Task to complete — Only the stretch below from the line holding "Square 20 Apartment *" through the line holding "4 Carino Drive Hicksville, NY 11801" should be restated, word for word and with both ends included; pictures stay out.

Source records —
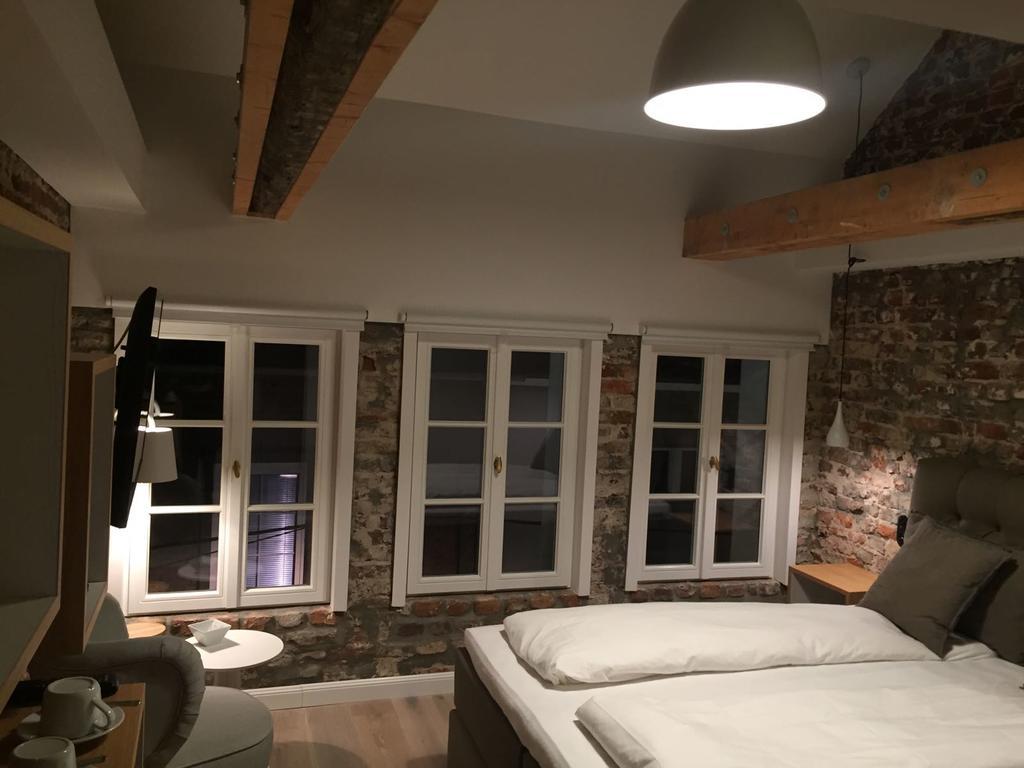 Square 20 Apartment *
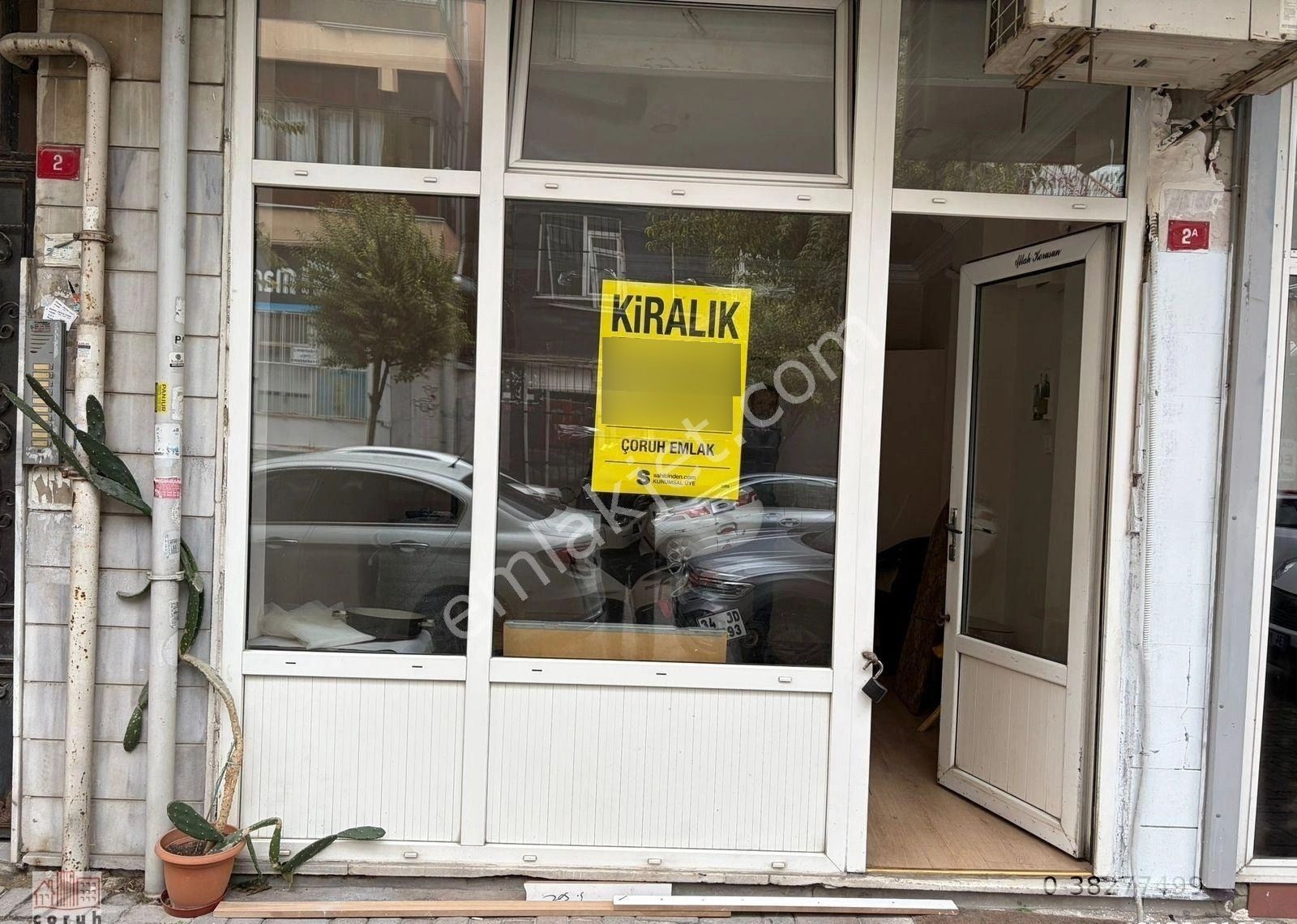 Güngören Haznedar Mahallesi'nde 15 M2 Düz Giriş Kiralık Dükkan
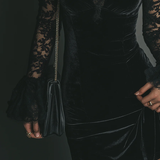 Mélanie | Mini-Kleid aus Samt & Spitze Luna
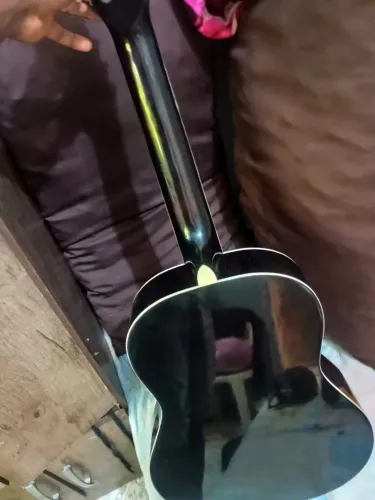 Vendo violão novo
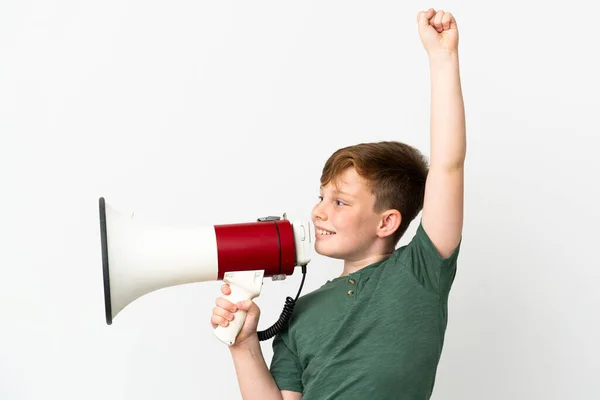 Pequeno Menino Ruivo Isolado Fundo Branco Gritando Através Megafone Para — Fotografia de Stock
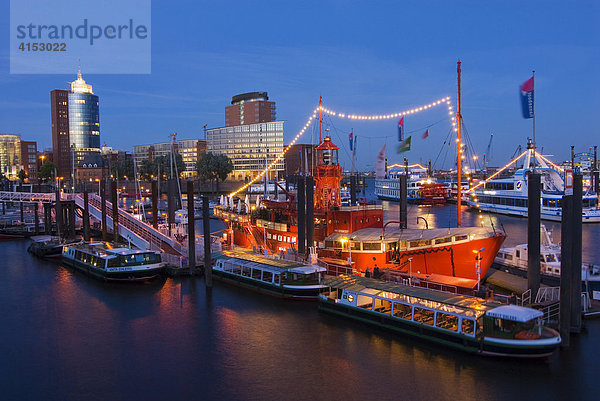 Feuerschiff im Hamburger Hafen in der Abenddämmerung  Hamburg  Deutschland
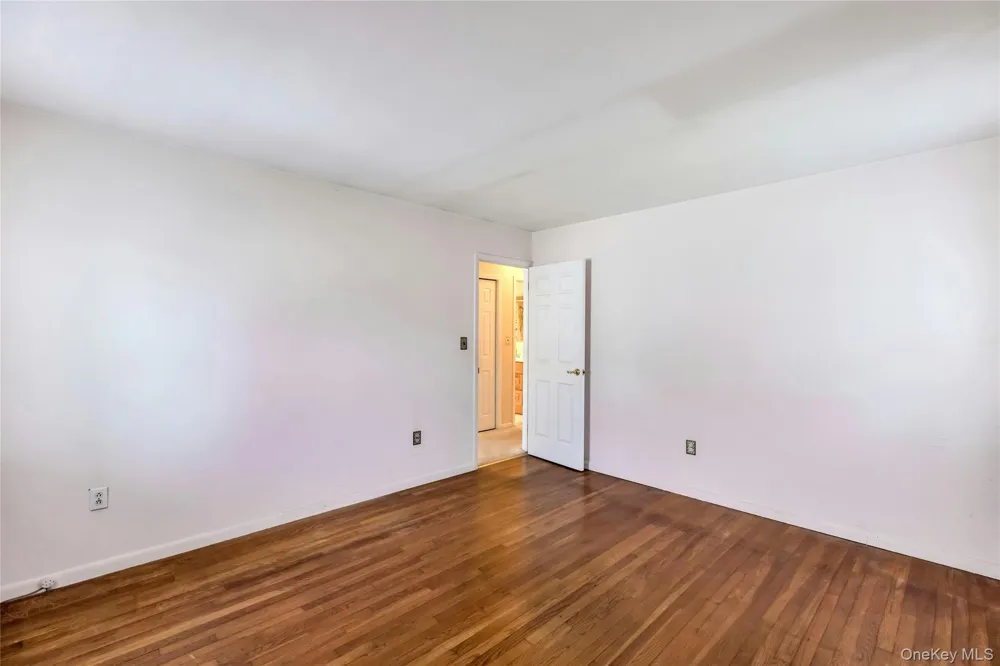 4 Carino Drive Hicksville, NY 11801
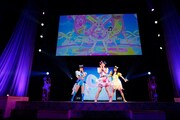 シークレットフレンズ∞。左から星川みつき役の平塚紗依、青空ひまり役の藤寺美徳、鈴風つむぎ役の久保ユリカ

---

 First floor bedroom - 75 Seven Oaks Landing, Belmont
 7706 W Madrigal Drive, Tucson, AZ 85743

Written answer —
 Square 20 Apartment *
 Güngören Haznedar Mahallesi'nde 15 M2 Düz Giriş Kiralık Dükkan
 Mélanie | Mini-Kleid aus Samt & Spitze Luna
 Vendo violão novo
 Pequeno Menino Ruivo Isolado Fundo Branco Gritando Através Megafone Para — Fotografia de Stock
 Feuerschiff im Hamburger Hafen in der Abenddämmerung  Hamburg  Deutschland
 4 Carino Drive Hicksville, NY 11801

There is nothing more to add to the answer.